As scary and devastating is coronavirus has been here in North America, it’s that much scarier in a country that doesn’t have the health care system or the infrastructure, the access or wealth resources that we’re fortunate to have here in Boston, so when this crisis struck my most overwhelming fear was actually for our partners in Dnepropetrovsk. Specifically, because I visited their last November, and I had the chance to visit one of the local hospitals and the building is crumbling and there’s no electricity, and there’s a shortage of basic supplies and equipment is out of date.

They don’t have the most basic things that we could buy for 99 cents here. And on top of all of that is that there’s corrupt corruption that’s rampant in the country. So we heard stories of people who were sent for tests, but they didn’t know if they needed to test or not, who were prescribed medication, but didn’t know if the medication would work or not. And that’s just the healthcare system that they’re living with there and then you then overlay Coronavirus on top of that.

Also, in November, when I visited Dnepropetrovsk I had the chance to visit the Jewish Medical Center which was built, thanks to support and expertise actually from the Boston community. It’s bright and it’s modern and it’s well equipped and it’s a relief to be there. And I should say it’s called the Jewish Medical Center. But they serve everybody in the city. It’s not specifically for the Jewish community. When coronavirus hit, we turned to our partners and we said, well, what is it that you need.

And the very first thing that they asked us for was actually medical advice is it, can you can you partner us with medical professionals in Boston who can tell us how to prepare and what are the supplies and equipment that we need.
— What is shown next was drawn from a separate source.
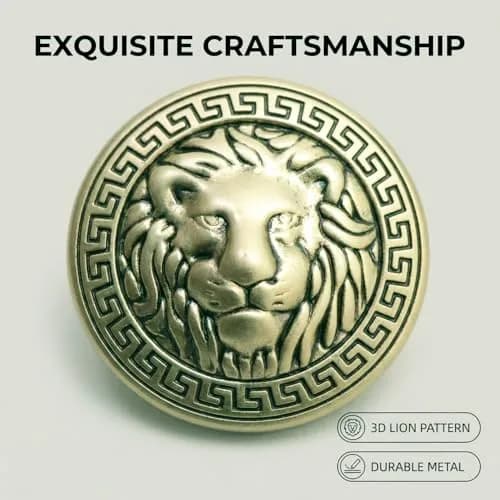 MebuZip 14PCS Lion Gold Metal Blazer Button Set 18MM 23MM | Stylish, Durable & Easy to Sew thumbnail 4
Because we had people in Boston, that it helped to build the Jewish Medical Center. They already had familiarity with Dnep and the community and what is available in Ukraine and not available. And so we were able to use that connection and based on that they came to us with a list of actual equipment and supplies that they would need and CJP’s Coronavirus emergency response fund was able to allocate $100,000.
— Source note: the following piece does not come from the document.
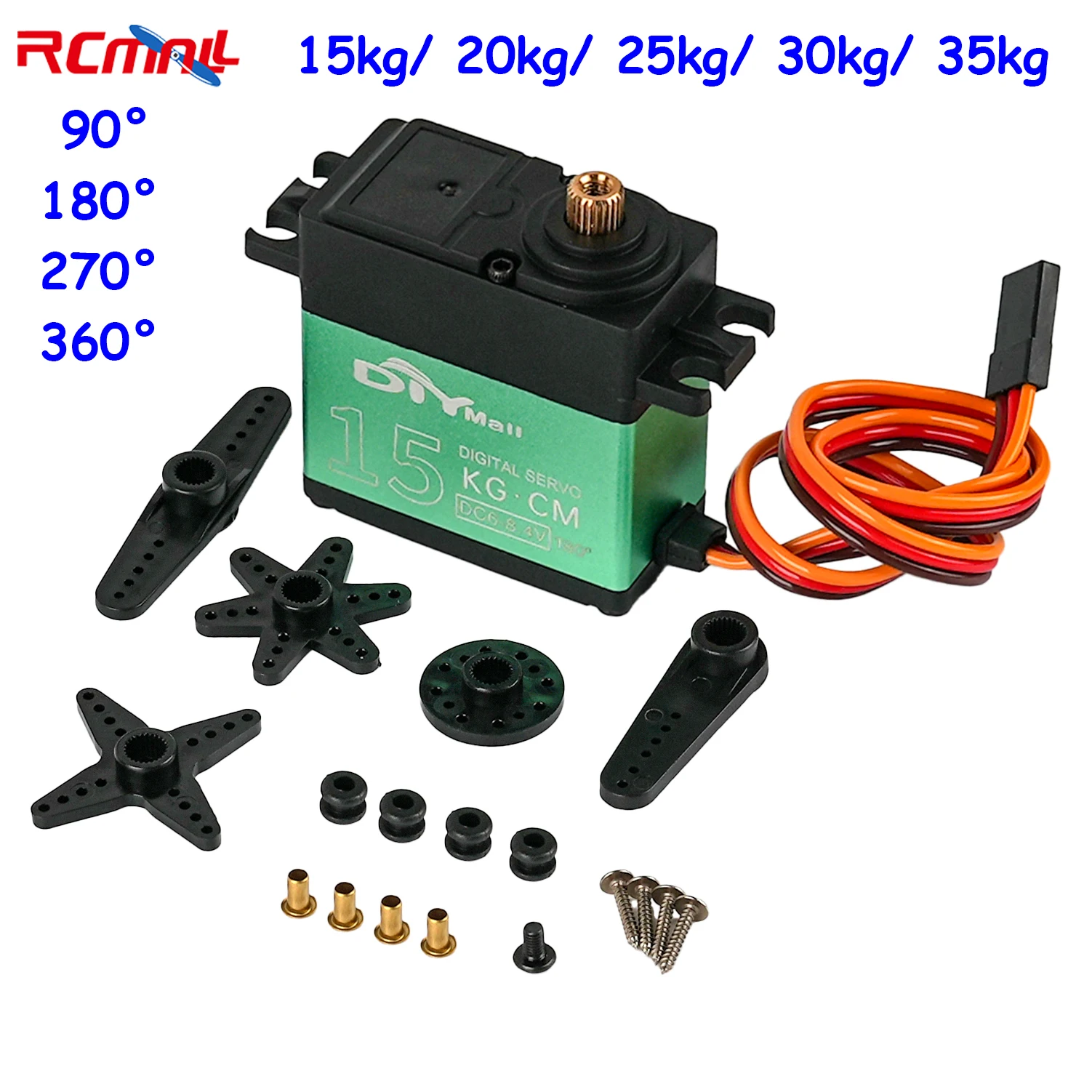 RCmall Digital Servo Metal Gear High Torque 15kg 20kg 25kg 30kg 35kg 90&deg; 180&deg; 270&deg; 360 Degree RC Servo for Robot Car Aircraft robot servo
I’m really proud to also share that they use the funds to set up a field hospital to treat coronavirus patients and a hotline. That was staffed by doctors to help anybody in Ukraine. So anyone in the country can call the hotline and get professional medical advice. I’ll just also add, we also turn to our partners, of course, in Haifa to ask them what their needs were and they asked us for support for at risk families: For Holocaust survivors, to enable remote learning for children in the Ethiopian Jewish community because it’s all fine to say we’re moving to remote learning but if you don’t have a computer and internet at home.

You’re stuck. And I’m really proud of the help, we’re able to provide that for them.But to the notion of global citizenship. We also went to them for help. There was a call here for help for the nursing centers in Boston that needed medical supplies and we didn’t know how to access it. So we asked partners in Haifa – can you help us out?

And they of course being Israeli, they said, ‘oh yeah I know an Israeli who works for a supplier in China. I’m going to be able to get you everything’ and they went and they sourced it and they found it and they shifted here.

And it arrived at Hebrew Senior Life and I’m particularly proud of that.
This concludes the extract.